こまつ座第86回公演『闇に咲く花』

こまつ座第86回公演・紀伊國屋書店提携
『闇に咲く花』 in 紀伊國屋サザンシアター(8/16)

作   井上ひさし
演出 栗山民也

終戦後昭和22年の夏・・・。
愛嬌稲荷神社の神主さん・牛木公麿さん(辻萬長さん)を中心に
生きていく為に、戦争未亡人達とお面作りと闇米を得ることに精を出す日々。
そんな時、息子・健太郎さん(石母田史郎さん)の幼馴染の稲垣善治さん(浅野雅博さん)
が戦地から何とか無事に戻ってきました。
健太郎さんの戦死の報を受けて、思い出を語るうちに
ひょっこり健太郎さんが現れました。
これで穏やかな日々が戻ってくると誰もが思った時
GHQ法務局に勤める諏訪三郎さん(石田圭祐さん)が現れます。

私の母の叔父さんは、フィリピンのモンテルパ刑務所でB級戦犯として処刑されたそうです。
映画俳優のようにかっこよかったと、母は言っていました。
母が中学生の頃、本屋さんで雑誌の立ち読みをしていた時
偶然見た雑誌の特集記事で、叔父さんの英文で書かれた戦犯の遺書が記載されて
びっくりした母は、叔母さんに急いで電話で知らせたそうです。
誰が載せたのか?叔母さんも知らなかった英文で書かれた遺書・・・。
異国で死んでいった叔父さんは、英文で書けばきっと親族に届くと思ったのでしょう。
どんな形であれ届いた遺書。
私が生まれた時にはすでに故人であった叔父さん
遺書を英文で書くなんて、なんて粋な人なんだろう・・と、思っていた私。
そんな薄いもんじゃないという事を、この作品で叔父さんの姿と重ねて
熱く熱く胸に突き刺さってきました。

戦争犯罪の言葉の重さ。
当時、現地の方にひどい事をした兵隊さんもいたかもしれません
が、まるで人間狩りのような、後付のような罪状で亡くなった兵隊さんの無念さ。
残された家族たち・・・。
もう・・本当に戦争なんて嫌です。

文学座からは、神経科医の先生を演じた浅野雅博さん。
浅野さんが語る野球少年時代のお話・・砂ぼこりにまみれたユニホームとか
ボロボロのグローブが目に浮かんできました。
青年のように、きらきら目を輝かせて語ると思えば、一気に老いた雰囲気の中
瞳だけは、ぎらぎらと狂気の輝きをみせたり・・
投球のように一言一言、魂がこもった言葉の温度の熱さ・・
激しい時代を生きてきた背負ったものの大きさ・・浅野さんの背中に浮かんでは消えて
いくものを確かに感じました。

戦争未亡人の田中藤子さんは山本道子さん。
こまつ座初参加だったんですね。
いっぱい辛い思いをして生きてこられたのに、ほがらかな姿が
とっても素敵な藤子さんでした。

登場して欲しいけど、登場されると悲しくなるのは憎まれ役のGHQ法務局に勤める
諏訪三郎さんを演じられた石田圭祐さん。
血も涙も無いような怖い存在です。

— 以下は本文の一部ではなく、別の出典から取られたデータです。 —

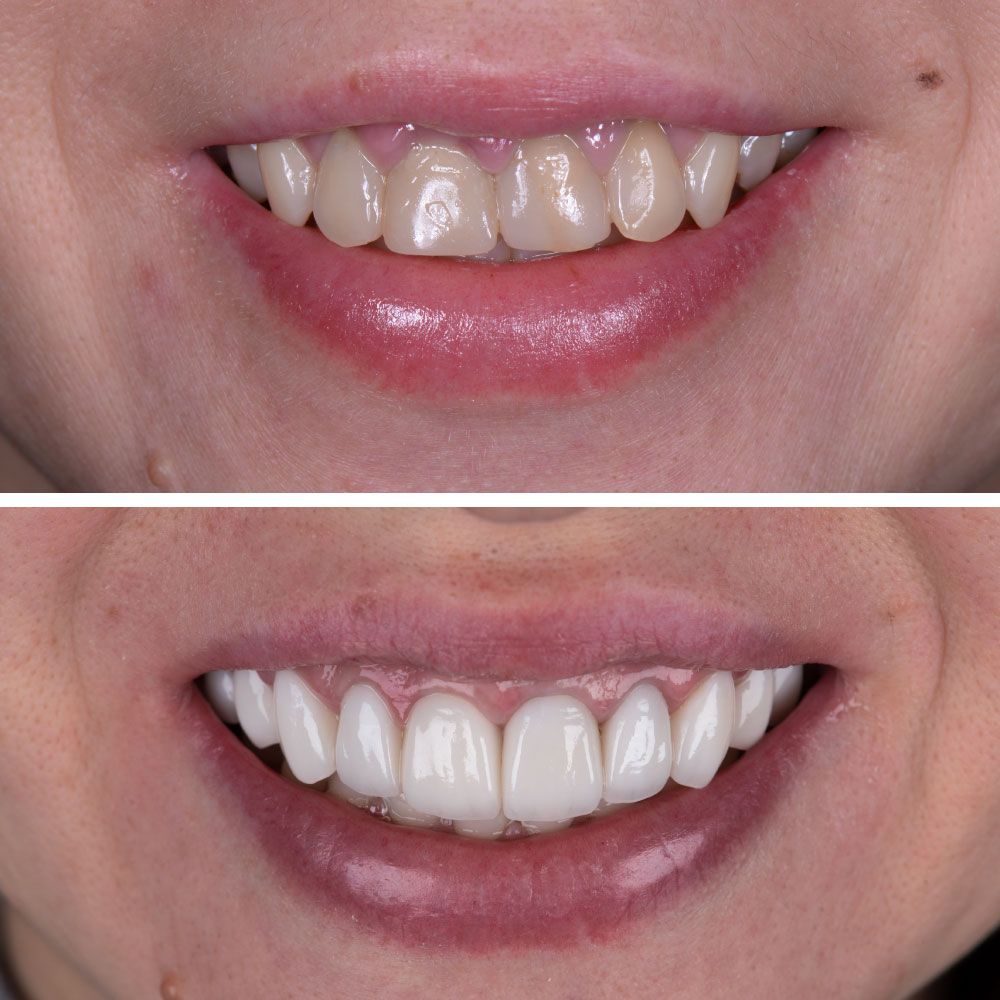 An image showing before and after veneers
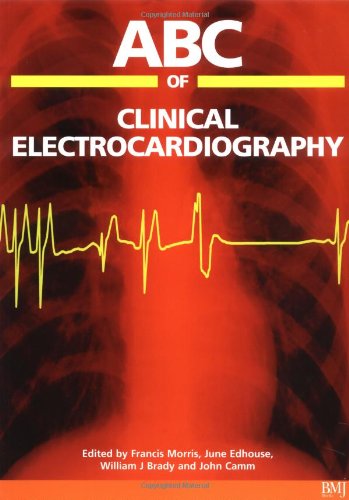 9780727915368: ABC of Clinical Electrocardiography (ABC Series)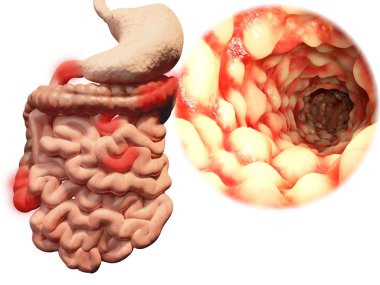 Intestine with Morbus Crohn. Illustration clipart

でも最後は、やっぱり日本人だったんだなあ
って諏訪さんの隠れていた人の良さがじんわり溢れてきたのは
石田さんのほわんとしたやわらかな雰囲気ならではですね♪

天国から地獄へ突き落とす・・戦犯とはなんでしょう?
罪なき青年の生き様と彼を取り巻く人たちの姿が瑞々しい程温かいです。
ぜひ観ていただきたい作品です。